#### Supplied information
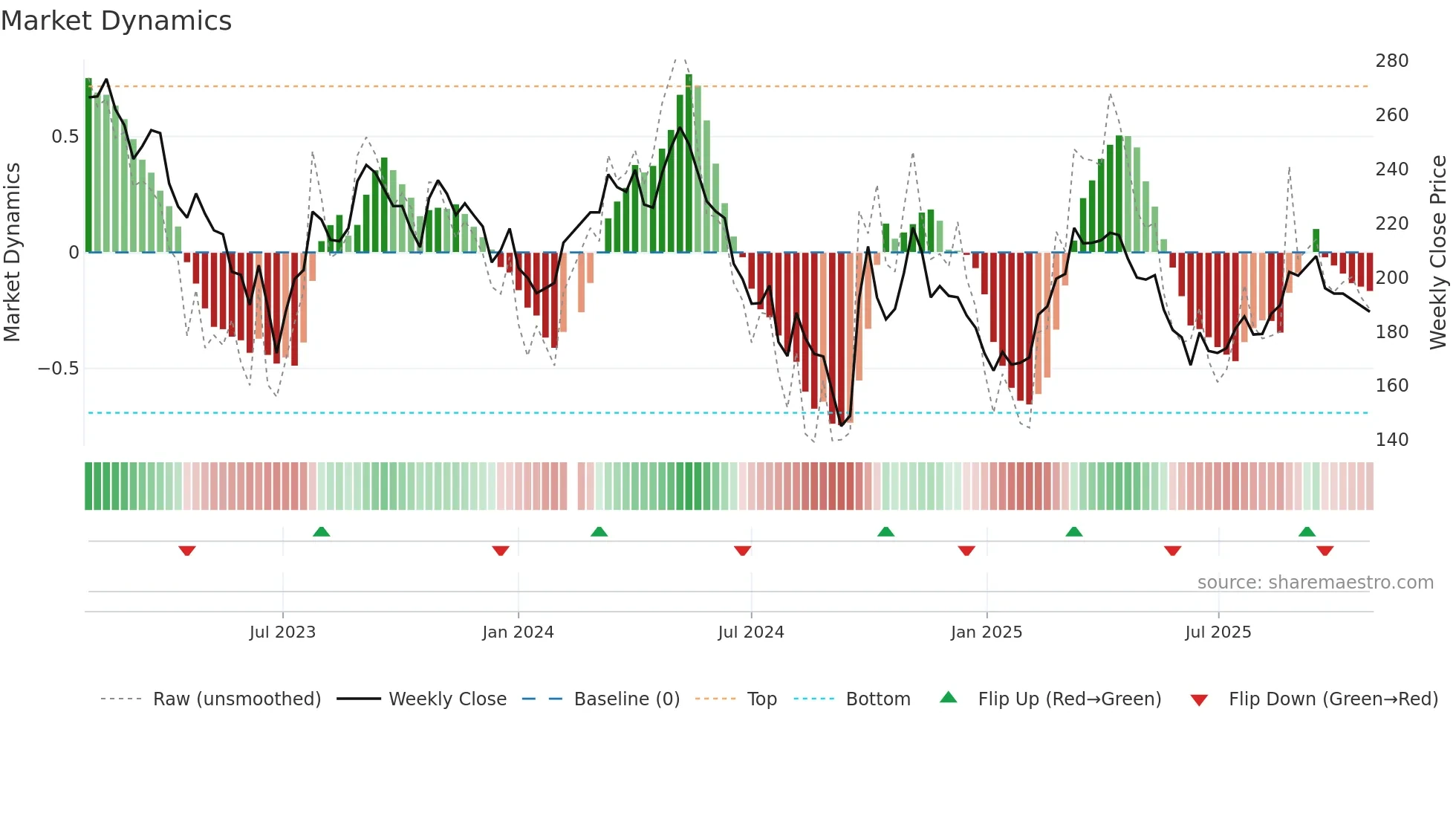 600809 weekly Market Dynamics chart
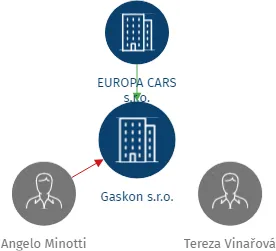Gaskon s.r.o., IČO: 04706170: vizualizace vztahů osob a společností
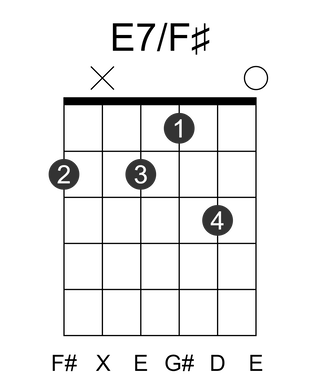 E7/F#
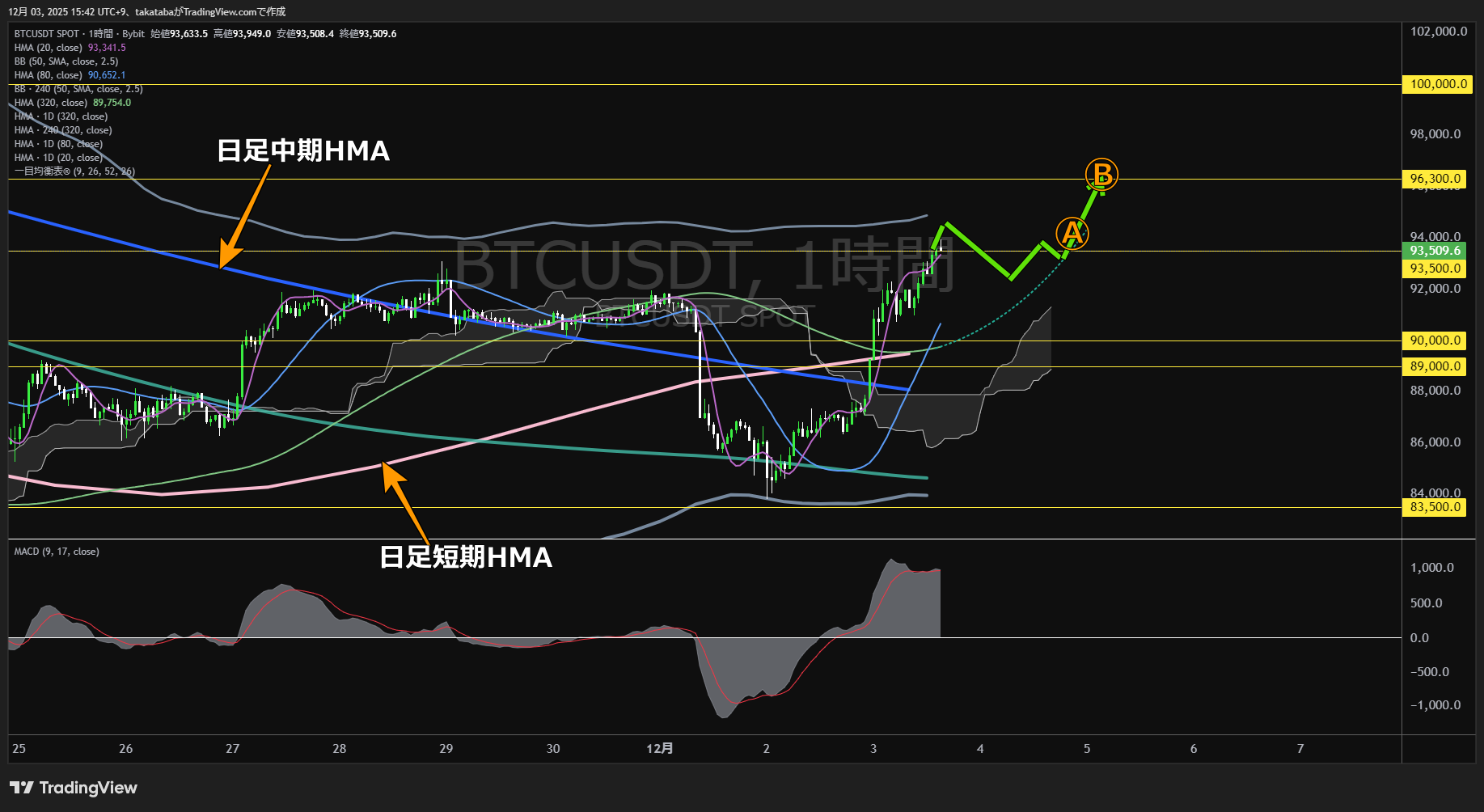 ビットコイン（BTC）-1時間足チャート分析-2025年12月3日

#### Work item
The copy has to start at the line that contains "Gaskon s.r.o., IČO: 04706170: vizualizace" and end at the last line of the material above, matching the original exactly and holding no pictures.

#### Answer to the exercise
Gaskon s.r.o., IČO: 04706170: vizualizace vztahů osob a společností
 E7/F#
 ビットコイン（BTC）-1時間足チャート分析-2025年12月3日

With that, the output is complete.